In Atlanta, Andrew Morse, the president and publisher of The Atlanta Journal-Constitution, has splashy plans to revive the ailing newspaper. And he's been given a $150 million runway over the next several years to figure it out.
"I did not come here to manage decline," says Morse, a former CNN executive who joined the newspaper in January 2023. "We understand that the ad marketplace has been hollowed out by Google and Facebook. We know that news deserts have emerged throughout much of the country.
"Instead of reading story after story about the futility of this," Morse asks, "why don't we grasp onto notions of, 'How do we build for the future?'"
From a journalistic standpoint heck, from an actuarial standpoint the local newspaper industry is in dire straits.

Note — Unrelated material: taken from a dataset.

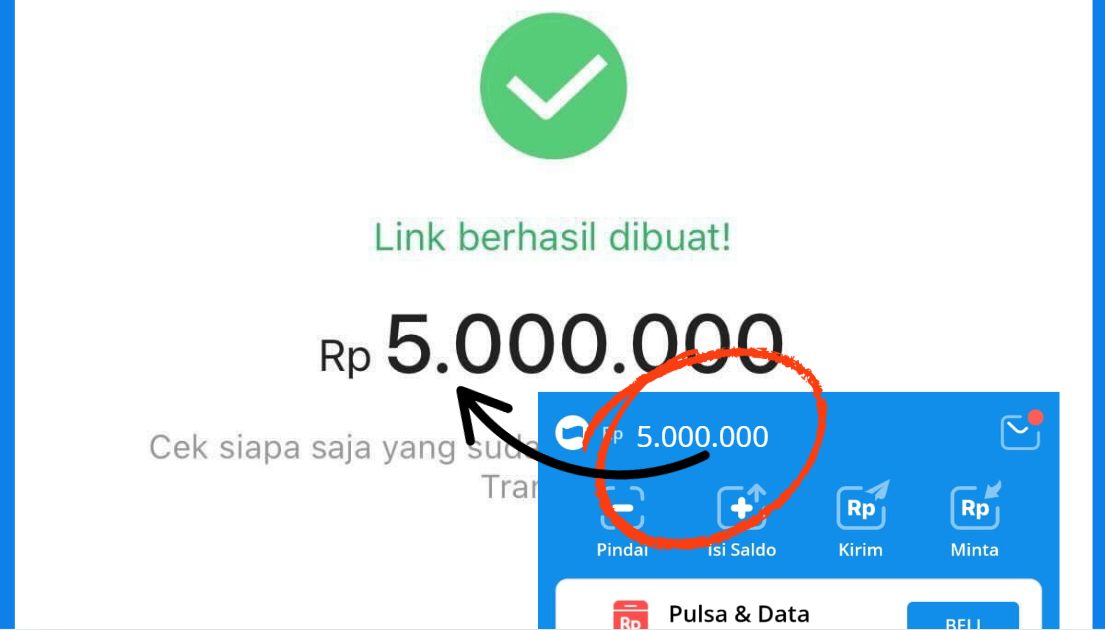 Full Berkah, Akun DANA Anda Berhak Klaim Saldo DANA Kaget Gratis Hari Jumat Sebesar Rp5.000.000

The companies are largely concentrated in the hands of a few corporate titans, many controlled by investment funds. Owners often seek to prop up immediate profits while shrinking their newspapers' staff in what's considered by critics to be a money-making death spiral.
https://www.npr.org/2024/11/17/nx-s1-5191672/ajc-atlanta-georgia-newspaper-strategy-andrew-morse
This is hopeful, and I'll be watching it closely as I consider my next subscription.